Michigan Information Retrieval Enthusiasts Group Quarterly Meetup


Details
Schedule:
- 6:00pm-6:45pm pizza
- 6:45pm-8:00pm presentations
- 8:00pm-9:00pm discussion
Presentations:
- Bayesian Language Model
This talk presents a Bayesian language model, originally described by (Teh 2006), which uses a hierarchical Pitman-Yor process to describe the distribution of n-grams in an n-gram language model and which allows for a Bayesian back-off and smoothing strategy. The language model, which assumes a power-law prior over the n-gram space, compares favorably with language models based upon state of the art empirical n-gram smoothing techniques. In addition to the language model, and primarily because the background information required to understand it is somewhat difficult, that material, most of which does not appear in (Teh 2006), is also presented in some detail. In particular, background information related to the Dirichlet distribution and the Dirichlet process is given. The Dirichlet process is then related to the Pitman-Yor process, and the hierarchical Pitman-Yor process is also presented.
Speaker:
Craig Wright has more than 10 years of professional software experience in the computer-aided engineering industry and is focused on developing technologies that enable the intelligent integration of disparate physics simulation tools. His company Comet Solutions is an industry thought leader in this area and is working to make complex simulation processes accessible to non-expert analysts throughout the product design process. In April Craig earned an MSE in EE:Systems at the University of Michigan with a broad emphasis on intelligent systems.
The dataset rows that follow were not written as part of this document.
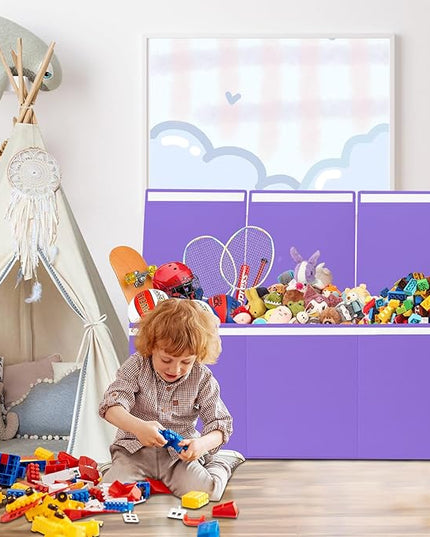 Extra Large Toy Box for Girls Boys - Collapsible Toy Chest Boxes Organizers and Storage for Nursery,Playroom,Office (Violet) 35.8"x12.6"x16" - LeafyLoom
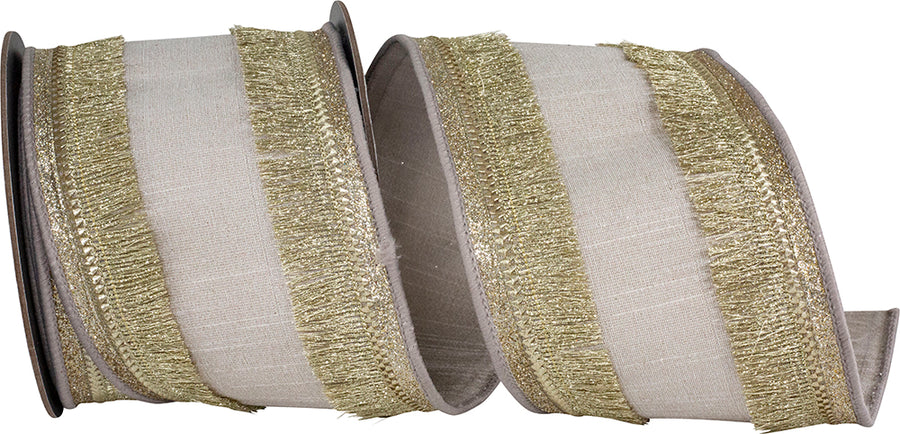 Champagne Metallic Fringe Dupioni Ribbon 4 Inch for Bows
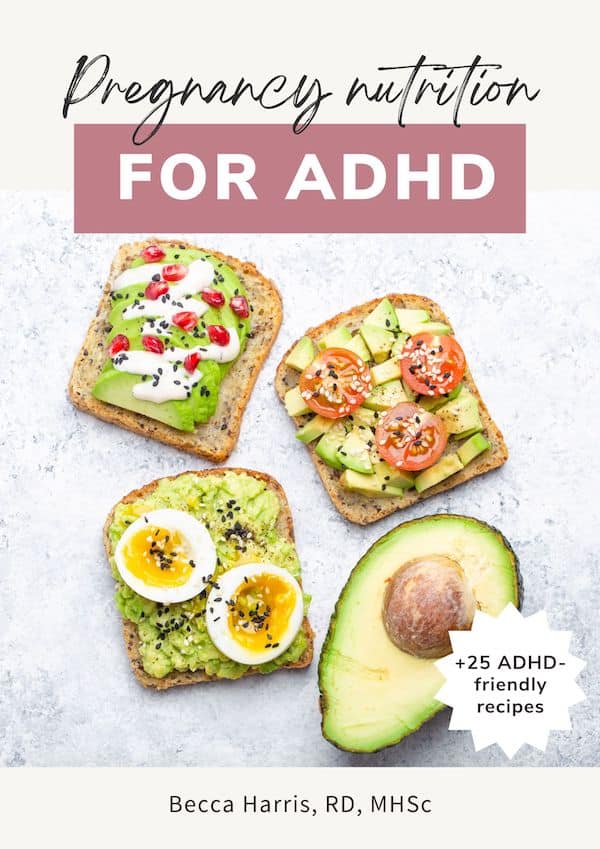 Prenatal nutrition for ADHD ebook cover page with images of avocado toast.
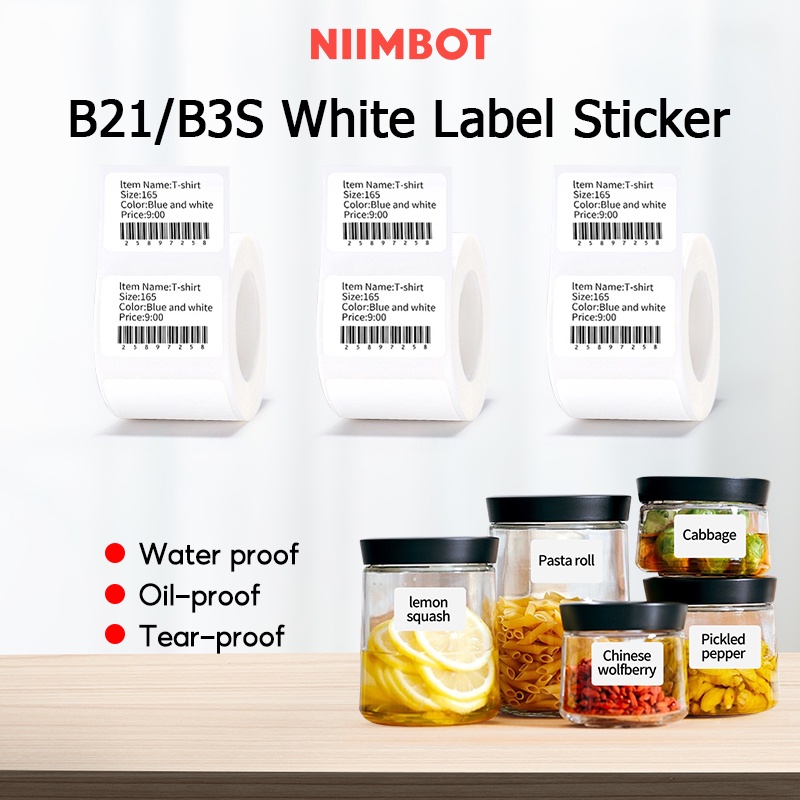 Cuộn giấy in nhiệt NIIMBOT B21/ B3S/B1 màu trắng dành cho máy in chuyên dụng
- Using GATE for Word Polarity in Context Classification
GATE (General Architecture for Text Engineering) is an open source software for creating text processing workflows. Core GATE includes the tools for solving many text engineering issues: modelling and persistence of specialised data structures; measurement, evaluation, benchmarking; visualisation and editing of annotations, ontologies, parse trees, etc.; extraction of training instances for machine learning; pluggable machine learning implementations. This tutorial will show how to use GATE for advanced machine learning applications. Detecting word polarity in context will be used as an example to show some of the GATE features. The tutorial project is based on the latest sentiment analysis research, specifically the work by Theresa Wilson, Janyce Wiebe, Paul Hoffmann "Recognizing Contextual Polarity: An Exploration of Features for Phrase-Level Sentiment Analysis", 2009. Using different features (words, part of speech, negations, etc...) SVM classifier is trained and evaluated.
Speaker:
Ivan Provalov is a software developer and architect with over 15 years of professional experience in enterprise architecture design and development. He currenlty holds information architect position at Cengage Learning where he works on the search engine platform team. Ivan is currently taking courses for the Master's in CS from the University of Michigan - Dearborn. His professional interests are in the areas of information retrieval and natural language processing.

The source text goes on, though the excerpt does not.